What auditors actually ask a cloud team for

Across both frameworks, the requests that land on a cloud or platform team are remarkably consistent. If the following exist and are generated by the infrastructure rather than assembled by hand, both audits get dramatically cheaper:

  • Access reviews: who has admin in each cloud account, when it was last reviewed, and evidence that leavers lose access on schedule.
  • Change management: pull-request history showing review and approval before production changes. IaC makes this nearly free.
  • Logging and monitoring: central audit logs, alerting on security-relevant events, and a documented response path.
  • Backup and recovery: restore tests with dated evidence rather than backup-job screenshots.
  • Vendor management: a current list of sub-processors and cloud services with owner, purpose and data classification.
  • Incident records: post-incident notes for anything significant, showing detection, response and follow-up.

The shared-control-set approach

Whichever you start with, build controls once and map them to both frameworks: one access-review process, one change-management pipeline, one incident runbook, one vendor register, each mapped to Trust Services Criteria and Annex A. In the cloud, most of this evidence can be generated from infrastructure itself: IaC review gates, IAM access reviews, centralized logs, automated backup-restore tests.

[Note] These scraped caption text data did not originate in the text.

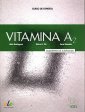 okładka podręcznika - Vitamina A2. Ćwiczenia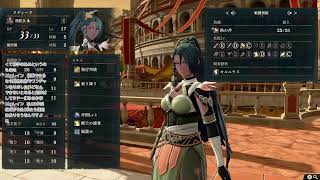 【FE万紫千紅】#31 カイ編 6章 半ばから 嘆きの島調査前【ハード】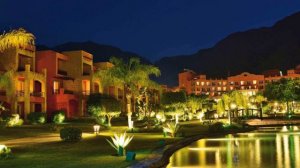 Mövenpick Resort El Sokhna, Ain Sokhna, Egypt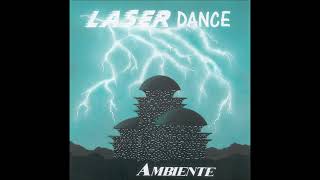 Laserdance - Ambiente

This is also where readiness work pays off. Getting the cloud estate to a state where evidence is produced continuously - rather than assembled in a panic before each audit window - is most of the real cost, and it is reusable across SOC 2, ISO 27001 and DORA alike.

Cloud security & compliance readiness

FAQ

Can we do SOC 2 and ISO 27001 at the same time?

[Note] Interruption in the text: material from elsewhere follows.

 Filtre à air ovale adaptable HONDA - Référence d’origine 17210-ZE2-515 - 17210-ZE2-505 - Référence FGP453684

Yes, and on a shared control set it is often efficient, but expect two audit processes with different rhythms. Most teams stagger them by a quarter or two so the same people are not serving two audits in the same month.

Do we need a Type II report immediately?

Usually a Type I first is the pragmatic path: it proves design quickly, and the Type II observation window starts running afterwards. Some buyers accept Type I plus a Type II commitment date.